The only area of life where I showed much obedience to God was in overt religious behaviors, such as church attendance, youth group leadership and evangelism — and those only sporadically, not throughout my life as a Christian.
I really amped up the religion during Operation Desert Shield, 1990. Camping out in Saudi Arabia, waiting for a war to start, I felt I had a lot of time on my hands. So I went to chapel services every chance I got, hung out with the chaplains, and got together nearly every night with Christian friends for Bible studies, impromptu worship services and very deep discussions about God.
I also became a bolder evangelist, sharing my Christianity with almost everyone I encountered (inside the camp, at least). In my mind, at the time, there was no higher priority than helping my buddies get squared away for the afterlife, since we were all probably heading into the “mother of all battles.”

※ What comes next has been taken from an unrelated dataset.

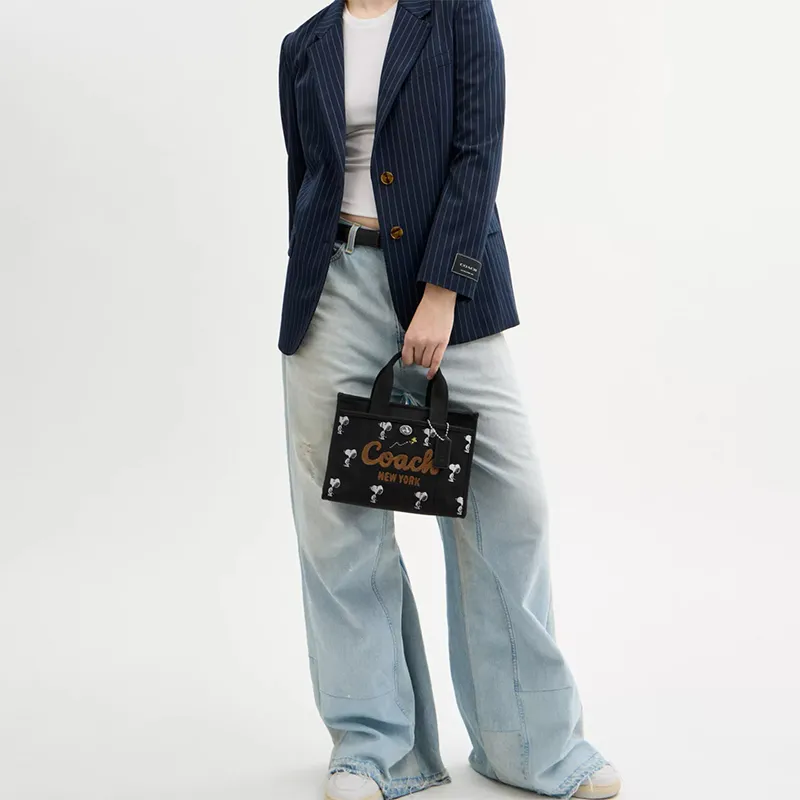 Peanuts X COACH Cargo Handbags-7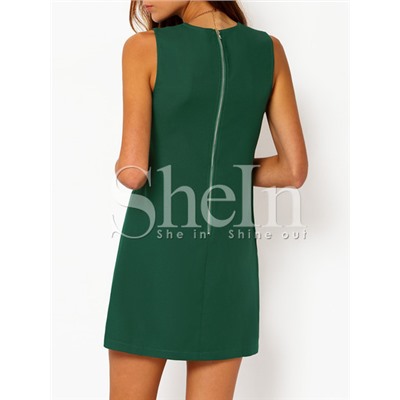 Зелёное модное платье с воланами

One problem with this approach, in my case, was that I was less than proficient at my main job (interpreter) and my secondary job (ammunition loader on a Bradley fighting vehicle). I should have spent least some of my free time improving my Arabic and practicing loading ammunition. Even if I had been highly skilled at both, I should have been motivated to (apologies in advance) ‘be all I could be.’ Being a good soldier, for the sake of the whole unit, was as much a moral duty as being an evangelist. But I was cocky and lacked self-discipline, and saving souls was much more exciting than doing homework.
For all my efforts, no one even had what I would consider a genuine conversion. So in that situation, given immense freedom to spend my time however I liked, I chose to narrow the range of my ‘work’ to religious activities that, frankly, didn’t do anyone any practical or spiritual good.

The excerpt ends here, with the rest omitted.